Sunday 29 December 2013

The Perils of Trilogy Writing!


I’m currently writing the third draft of Dangerous Phoenix and as usual, this revision is focussed on style alone. But things aren’t working out like that. I have a problem and it’s one, I think, that’s specific to writing a series. Maybe specific to writing a trilogy which has as its base the protagonist’s development over a span of years and during particular events. Structure has reared its ugly head, and a little late in the day.

Before I started on this Indian trilogy, I’d never attempted anything similar before. I could see immediately that I’d need a clear idea of where I was going over all three books and not just in book number one - not necessarily the nitty gritty detail but the overall sweep of the story line. I’d have to drop clues or at least the shadow of a hint as to what might happen in future, otherwise readers of the later book would rightly complain that the plot didn’t ‘fit’ what had gone before. That was the only difficulty I could see with writing a trilogy. But I was wrong. There are others and I’ve just come upon one.

Reading through the ms of this second book for style, I’ve been uncomfortably conscious that at times the pace slackens and slackens considerably. As a reader, I’m thinking too much narrative, where’s the dialogue?, where’s the action? So what’s causing this hiccup? When I read back over the offending parts, I discovered they were all ‘back story’. Every novel has a back story, of course. The old adage is that you start writing as near to the action as you can and drop in little nuggets of back story as you wend your way through the plot. If you find you’re having to put in too much, then you’ve started too far in and need to go back and begin the novel at an earlier point in the story.

So far, so good. But what about when you’re writing something like a trilogy? If each story has a separate plot complete in itself, which mine do, that’s fine. In each novel, you need only minimal background details of your protagonists and where they’ve come from to ‘flesh out’ that particular story line. But what if your plot depends to an extent on protagonists’ reactions to events, and those events are heavily coloured by the past. Then the past needs to be part of the story you’re writing, and that can mean an awful lot of back story. And a problem with repetition, since some of the ‘past’ will have been detailed in a previous book. I’ve rewritten some of the narrative in dialogue and it’s certainly more dynamic now, but there’s an awful lot of back story still hanging around. I’m faced with the difficult decision of just how much I can include without losing my reader or conversely, how much I can cut and still make the characters’ motivations and actions credible. I’m struggling with at the moment and if there’s an easy solution out there, please let me know!

Friday 13 December 2013

Do You Write an SFD?



Dangerous Phoenix has reached a crucial stage. My heroine, Daisy, has pulled it off by escaping from the mausoleum (with only the slightest bit of help from her creator) and storming to the rescue. Naturally her reward is a happy ending – more or less. I have the complete story down, the characters are partly fleshed out and the setting/s are introduced. In other words I’ve finished the SFD or the ‘shitty first draft’. Now how about the second?

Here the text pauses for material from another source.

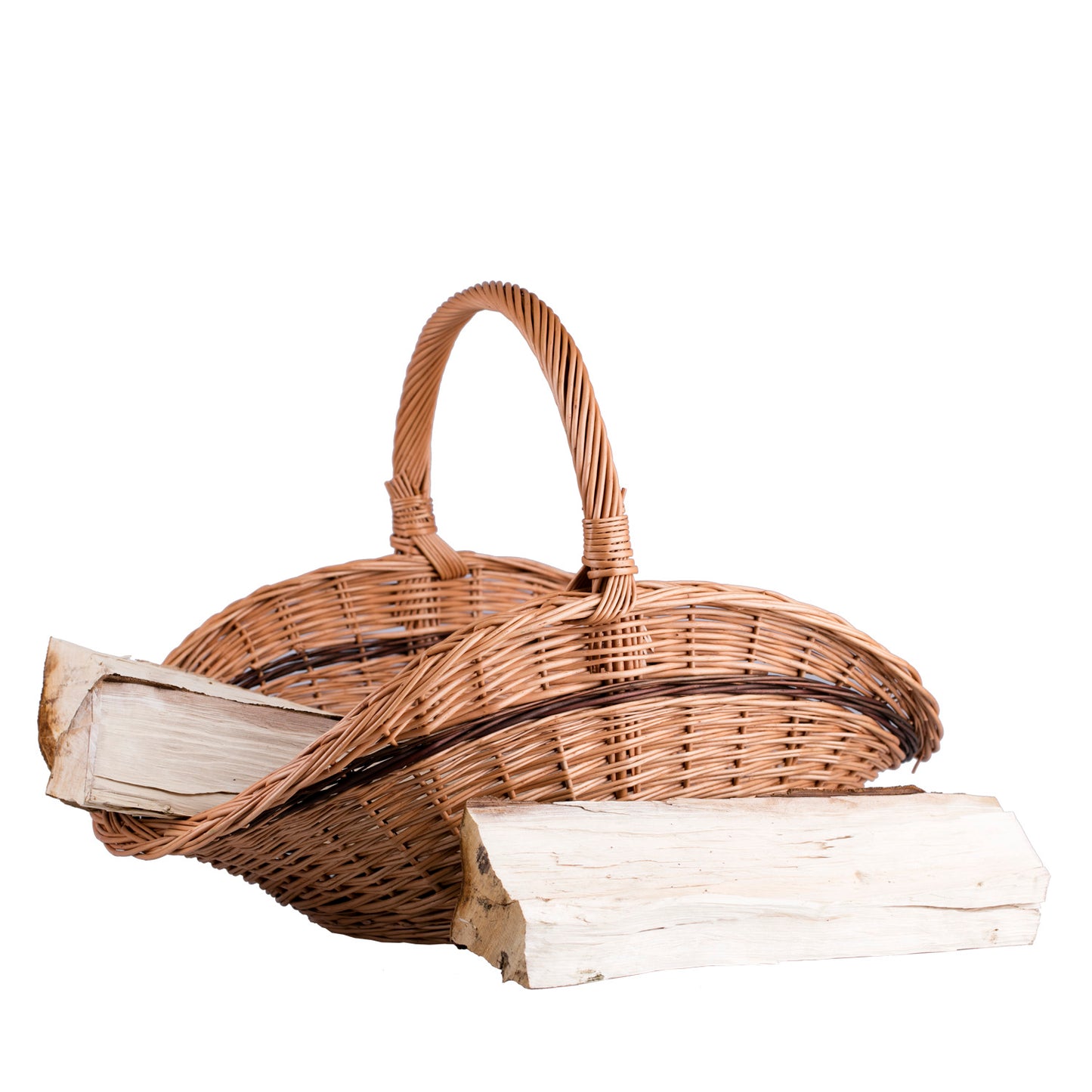 Fumaria wiklinowy kosz na drewno kominkowe z rączką TheWickerStories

This is the stage I love most. It’s the moment when I travel back to the beginning of the novel and begin to fill in the gaps I left – maybe research snippets I needed to check, or a more detailed description of a particular setting, or a deeper understanding of why one of my characters is acting the way they are. It’s also the time when I can start moving ‘stuff’ around, decide just how each chapter is best structured to create flow within and between chapters. And where I discover that though I’ve been too verbose at one point, I actually need an additional scene at another. Or, horrors, I’m guilty of repeating myself. It’s rather like being a potter with a slab of clay. The slab has been moulded into roughly the right size, roughly the right shape, but it needs a more delicate touch now to pinch, to add, to reshape until gradually a miracle happens – something better, tighter, emerges from what was once a little loose, a little baggy. Then all that’s left is to decorate - or in writerly terms, do a third draft. This is where I’ll focus on style and try to make sure that wherever I read, I’ve nailed the right word.

Of course, this sequence won’t work for everyone and it’s always interesting to hear how other writers do it. But for me, it works and I’m getting ready to flex those fingers!